Background: Online episodic tabular MDP is a standard abstraction in RL theory. A learner interacts with an MDP with \(S\) states, \(A\) actions, and \(H\) layers over \(T\) episodes. In each episode, the environment provides a loss function, and the learner observes bandit feedback along the sampled trajectory. Mainstream solvers follow two paths: global optimization over the set of occupancy measures \(\Omega(P)\) (minimax optimal but computationally heavy), or policy optimization at each state (treating each state as a multi-armed bandit, more practical but with an additional \(H\) factor in regret). In adversarial regimes, the minimax rate is \(\tilde{O}(\sqrt{HSAT})\), while in stochastic regimes, it can reach gap-dependent \(O(\log T)\).

Limitations of Prior Work: Existing results are fragmented and mutually incompatible. First, best-of-both-worlds algorithms (near-optimal in both regimes) and fine-grained data-dependent bounds (e.g., first-order small-loss \(L^\star\)) are usually provided by different algorithms, making selection impossible when the environment is unknown. Second, the only data-dependent result in adversarial regimes is the first-order bound; second-order and path-length bounds, mature in bandit literature, remain a blank in MDPs. Third, gap-dependent bounds in stochastic regimes (e.g., Jin et al. 2021) include an extra \(1/\min_{s,a}\Delta(s,a)\) factor and lack variance-aware versions.

Key Challenge: The difficulty of unifying these refined bounds into a single algorithm lies in the propagation of loss estimation errors along the dynamics to downstream value estimates under bandit feedback. Unlike multi-armed bandits, estimation errors for each state-action pair cannot be controlled independently. Loss and Q-estimators must be designed to "align" biases with fine-grained complexity measures to enable self-bounding analysis.

Goal: Construct a single algorithm that simultaneously achieves: (1) Three data-dependent bounds (first-order, second-order, path-length) in adversarial regimes; (2) Variance-aware gap-independent and polylog gap-dependent bounds in stochastic regimes; (3) Coverage of both global optimization and policy optimization routes; (4) Minimax optimality proven through lower bounds.

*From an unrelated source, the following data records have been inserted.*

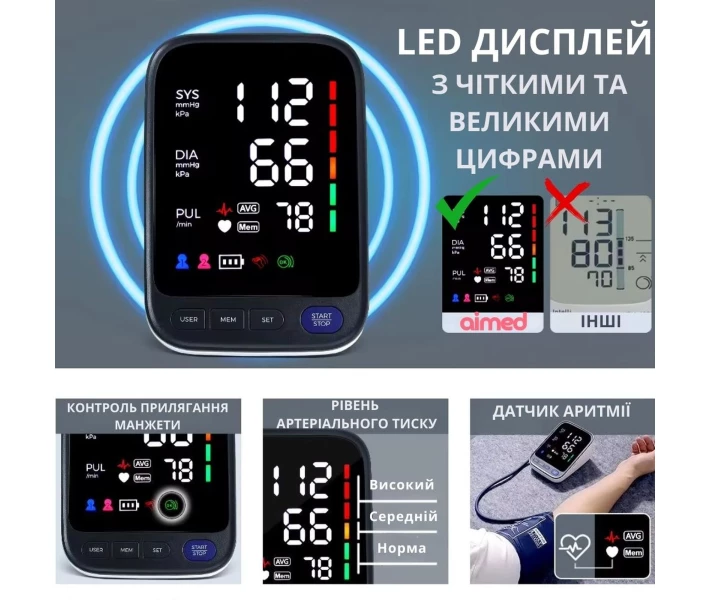 Фото - тонометр Тонометр автоматический AIMED Blood Pressure Pro цвет черный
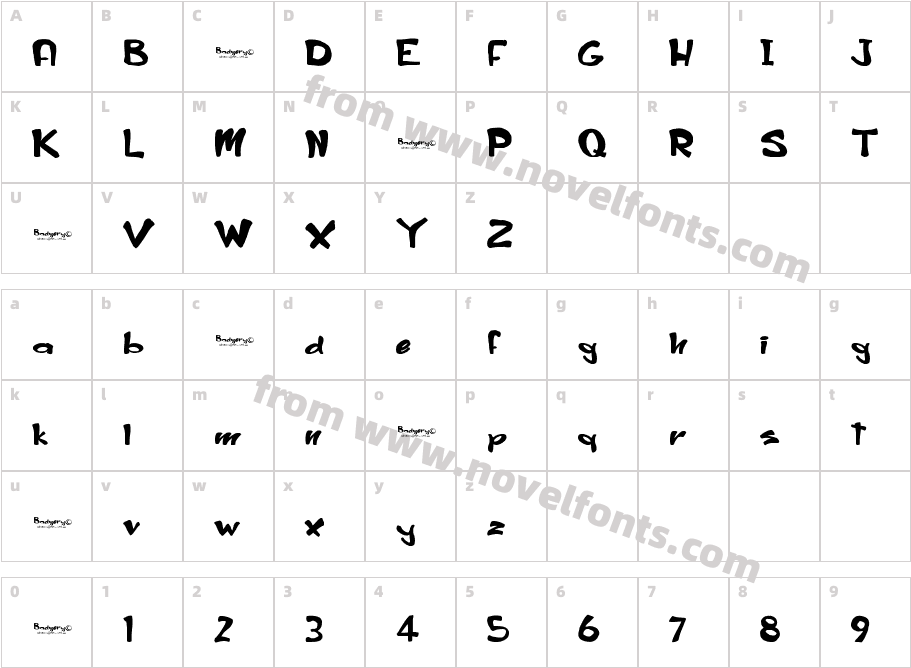 BadgeryCharacter Map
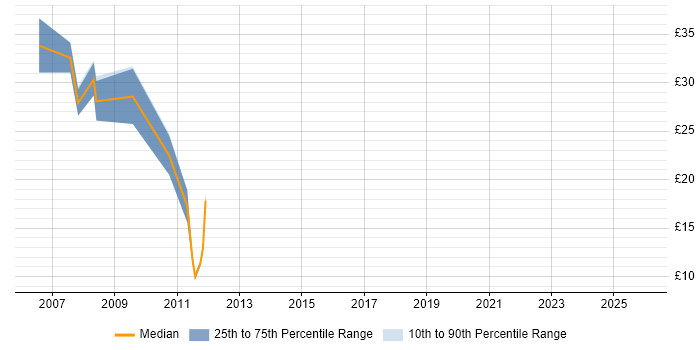 Contractor hourly rate distribution trend for jobs in Swindon citing Workflow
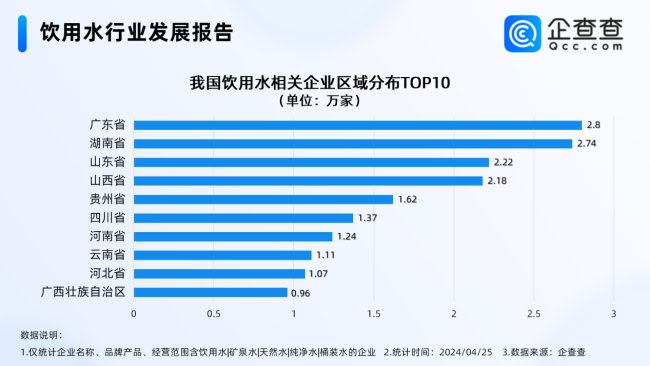 农夫山泉进军纯净水，国内现存饮用水企业近26万家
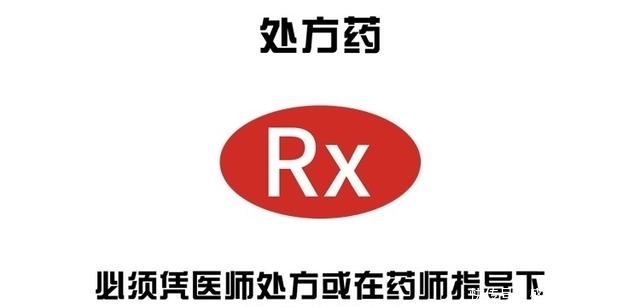 家庭|有病吃啥药,家庭用药对照表!9类常见病,对症用药一看便知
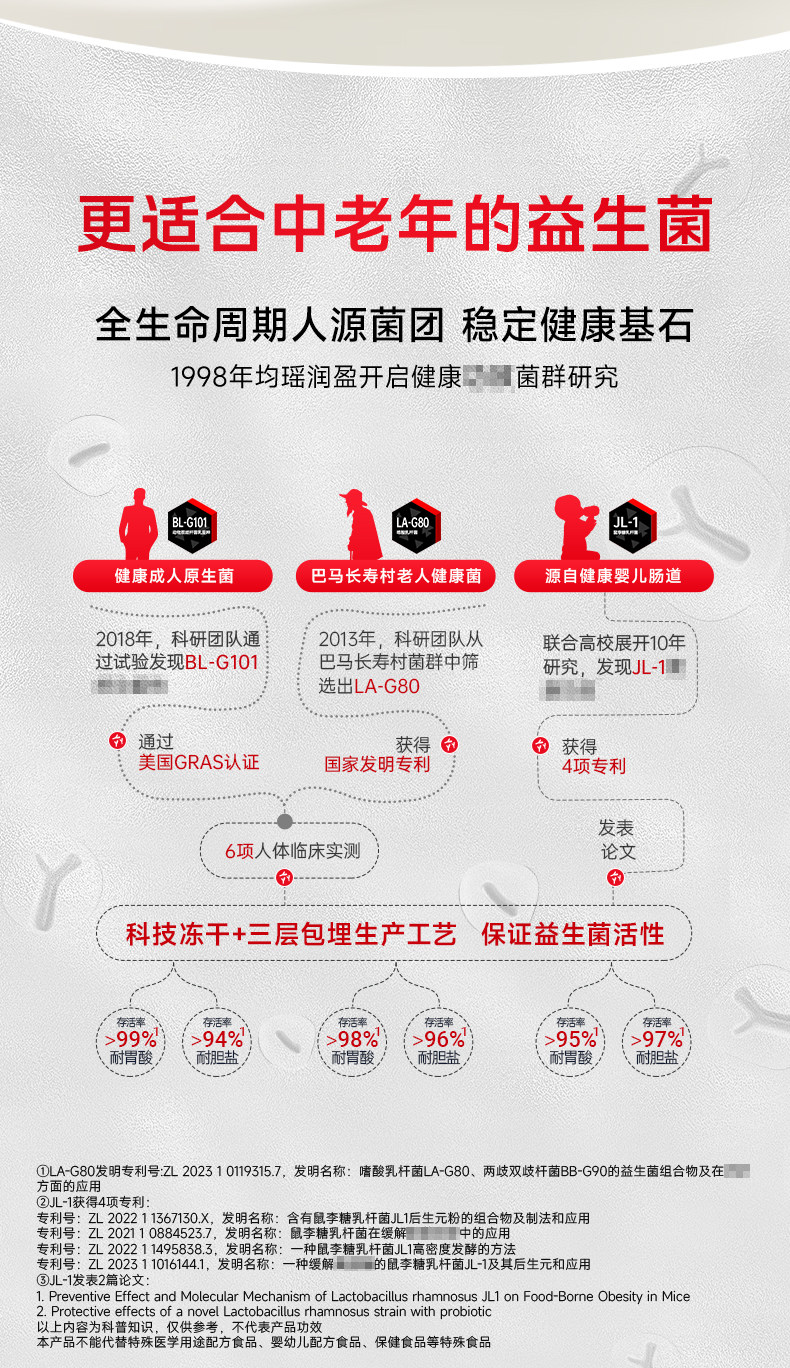 安享好物 安享E级含乳饮料-均瑶中老年 燕窝复合蛋白饮品  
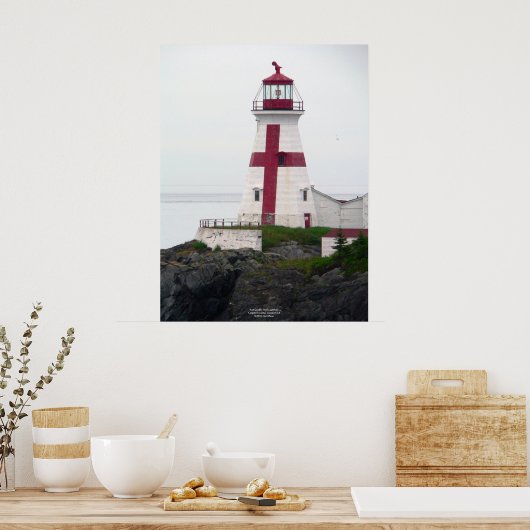 East Quoddy Head Lighthouse Poster (Küche)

Key Insight: Using OFTRL + log-barrier + adaptive learning rate as the backbone, this work transfers the loss-shifting technique for FTRL from Jin et al. (2021) to the OFTRL framework. It switches between two types of loss predictions (gradient-descent vs. empirical mean) to leverage path-length bounds and variance-aware gap-dependent bounds, respectively.

Core Idea: Use OFTRL to carry multiple data dependencies. The stability of OFTRL is controlled by the "shifted loss" \(\tilde{\ell}_t = \hat{\ell}_t - m_t\). By appropriately choosing \(m_t\), the stability term can converge to the required complexity measures.

Method

Overall Architecture

Consider a fixed \(H\)-layer tabular MDP \(M=(\mathcal{S},\mathcal{A},P,H,s_0)\) with known transitions. In each episode \(t\), the learner selects a policy \(\pi_t\) and interacts along a trajectory. The goal is to minimize regret against all stationary policies: \(\mathrm{Reg}_T = \max_{\pi \in \Pi} \mathbb{E}\bigl[\sum_{t=1}^T V^{\pi_t}(s_0; \ell_t) - V^{\pi}(s_0; \ell_t)\bigr]\).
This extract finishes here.